Under the commitments and contingencies, there is a large line item called Redeemable Convertible Preferred Stock that has been valued at $30.6 million. So as of 12/31/2010, Talon had total shareholders deficit of $41.9 million. And as you see also on the balance sheet our total common shares outstanding at this time is 21.2 million.

And that concludes the summary of our financials.

Thank you, Craig. Just a few closing comments. On behalf of the Company we wish to express how much I remain extremely encouraged by our data and steadfast in our goal and efforts to get Marqibo approved. We believe that patients, physicians and others will benefit significantly by bringing this new product candidate to the market, and we are equally excited to expand its role in other cancers so that other patient populations can derive benefit.

With regards to Marqibo, we're extremely enthusiastic to get this product candidate into Phase II and into Phase III and bring it, too, to the market to benefit a large group of patients -- actually a growing group of patients -- who need this therapeutic so that they will remain of client with their EGFR therapy in solid tumor situations.

With that, I will thank you very much for your participation and listening to the call and open up the line for a few questions and answers.

(Operator Instructions). [Shlomo Freiman], a private investor.
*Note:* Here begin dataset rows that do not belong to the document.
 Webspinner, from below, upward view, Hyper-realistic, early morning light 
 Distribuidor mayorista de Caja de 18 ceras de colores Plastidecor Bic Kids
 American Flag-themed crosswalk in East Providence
The question is related to the conversation today, of trying to get some information. Does anybody know how many shares are held by insiders in the Company?

Hello?

We were just doing a little calculation here. It's outright owned by management. Is that really what you're looking for?

Yes.

That figure is -- we're kind of taking a quick look right now. It will be in the neighborhood of I would say about 5% at this time.

And by institutions?

Institutions, probably by about 30%.

Okay, that's my two questions. Thank you very much.

I'm not showing any other questions in the queue. (Operator Instructions). We do have a question that just came in from [Nia Poe], with Poe Capital Management.
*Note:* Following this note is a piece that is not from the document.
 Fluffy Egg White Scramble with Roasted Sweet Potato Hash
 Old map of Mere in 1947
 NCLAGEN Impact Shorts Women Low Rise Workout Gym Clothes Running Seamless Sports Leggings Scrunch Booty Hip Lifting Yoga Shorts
Can you explain is you have any chance you could submit the NDA before June or June is the date?

Thanks for the question. The ability to submit the NDA is not limited by having an NDA completed. It is being limited by our completing our negotiations with the FDA for future Marqibo-related events.
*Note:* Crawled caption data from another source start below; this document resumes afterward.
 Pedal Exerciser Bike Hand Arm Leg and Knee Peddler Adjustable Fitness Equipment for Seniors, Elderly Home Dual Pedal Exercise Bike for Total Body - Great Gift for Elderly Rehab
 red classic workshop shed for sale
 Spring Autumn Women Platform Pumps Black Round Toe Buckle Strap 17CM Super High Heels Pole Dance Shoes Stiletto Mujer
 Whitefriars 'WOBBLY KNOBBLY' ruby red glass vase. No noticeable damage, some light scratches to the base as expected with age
So essentially as I described we want to make sure that we have an agreement with the FDA about the nature of our postapproval commitments, so that we have all of that worked out prior to submitting the NDA. This is what the FDA has been requesting since February 8, 2011. This is -- as I've stated, it's a game changer. It changes the traditional approach of getting the NDA in as soon as it is completed, and all we are trying to do is collaborate and cooperate with the Agency to our fullest ability. We believe that will improve our likelihood of getting a favorable review and getting the drug approved on time.

Thank you.

I'm not showing any other questions at this time. Did you have any closing comments, Dr. Deitcher?

Well, if there are no further questions at this time I just want to thank everyone for their participation. And if there are questions that are at a later point in time, please don't hesitate to contact Craig to address those questions and we will get back to you very quickly if you approach us by telephone or by e-mail.

So thank you very much and I hope you remain as enthusiastic about Marqibo and Menadione Topical Lotion and Talon Therapeutics in general as we are. Thank you.

Thank you. Ladies and gentlemen, thank you for your participation in today's conference. This does conclude the conference. You may now disconnect. Good day.